One might argue that the intangible benefits of communal interaction and shared experience within these fan groups is enough. It could be argued that the Star Wars “fan fiction” sub-culture Jenkins discusses in Chapter Four has helped push technological and artistic boundaries while breaking down the barriers between producer and consumer for a more egalitarian experience.
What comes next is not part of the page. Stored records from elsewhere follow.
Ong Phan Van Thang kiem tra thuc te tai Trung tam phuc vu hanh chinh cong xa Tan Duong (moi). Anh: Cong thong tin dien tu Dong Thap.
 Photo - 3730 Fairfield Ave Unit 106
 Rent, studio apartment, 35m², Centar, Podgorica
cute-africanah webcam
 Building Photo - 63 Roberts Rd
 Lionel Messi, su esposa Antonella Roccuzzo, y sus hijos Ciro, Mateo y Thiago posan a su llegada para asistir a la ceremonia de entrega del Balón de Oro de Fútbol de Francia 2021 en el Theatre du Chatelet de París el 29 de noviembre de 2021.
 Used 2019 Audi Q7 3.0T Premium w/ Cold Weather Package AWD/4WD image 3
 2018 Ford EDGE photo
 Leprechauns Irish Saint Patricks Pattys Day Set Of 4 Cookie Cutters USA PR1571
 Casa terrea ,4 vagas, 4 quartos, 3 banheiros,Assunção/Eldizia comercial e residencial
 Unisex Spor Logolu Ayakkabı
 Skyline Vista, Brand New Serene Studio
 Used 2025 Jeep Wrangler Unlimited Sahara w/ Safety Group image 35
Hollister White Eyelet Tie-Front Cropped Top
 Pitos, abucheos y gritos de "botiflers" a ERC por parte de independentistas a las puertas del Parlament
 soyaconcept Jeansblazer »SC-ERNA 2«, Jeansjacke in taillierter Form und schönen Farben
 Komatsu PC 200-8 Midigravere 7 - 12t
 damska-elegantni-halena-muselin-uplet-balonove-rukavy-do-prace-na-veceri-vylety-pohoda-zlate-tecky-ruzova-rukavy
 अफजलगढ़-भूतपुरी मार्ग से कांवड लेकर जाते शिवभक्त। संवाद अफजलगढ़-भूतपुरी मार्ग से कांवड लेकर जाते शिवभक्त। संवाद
One could also argue that the techno-activism Jenkins describes in Chapter 6 uses new methods to generate important, meaningful dialogue (although the use of technological manipulation and raving hypersensitivity to events like “The Dean Scream” make this problematic).

From my perspective, speaking strictly about the fan communities that Jenkins describes in Convergence Culture, the fanbase with the most universally redemptive qualities is the Harry Potter loyalists described in Chapter 5. Granted, this perspective could be entirely influenced by how Jenkins sympathetically frames the discussion. A significant portion of the fans discussed are kids and Jenkins handles them accordingly with kids’ gloves.

And yet Jenkins also offers evidence for the massive impact that the so-called “Potter Wars” had not just among Potter “loyalists” but also in a broader global, social and cultural dialogue. A seemingly innocuous shared passion centered around prepubescent-turned-adolescent wizardry led to a fight against censorship (Muggles for Harry Potter/kids-SPEAK!), educational empowerment and “collective bargaining” communal defense  (The Daily Prophet, Sugar Quill) as well as straight-up social activism (HP Alliance).

What makes this specific fan community even more interesting is that their “battle” as described by Jenkins wasn’t just a matter of media consumers versus media producers (as was the case with The Spoilers versus the producers of Survivor, American Idol fans versus American Idol producers, “fair-use” Star Wars fans versus LucasFilms, etc.) but instead spilled over into “real-world” issues of values, politics and religion.

There’s also a certain irony in religious fundamentalists gnashing their teeth over the “participatory culture” embraced by Harry Potter loyalists when one considers that devoted, interpretive evangelicalism based primarily on a singular literary source is, in fact, a foundational trait they both share. Not to mention that a reverse argument could easily be made when the shoe is on the other foot (The Chronicles of Narnia, the Left Behind series, one of Kirk Cameron’s straight-to-DVD epistles).

In the end, it shows a glimpse into how seemingly “throwaway” cultural products and the passion they inspire can make meaningful real-world impacts through the collective power—heretofore mostly misappropriated or untapped—of the “participatory culture.”

Discussion Questions:
-In what ways does “fan fiction” represent a shift from “mass culture” and “popular culture” back toward “folk culture” (as Jenkins describes the terms)?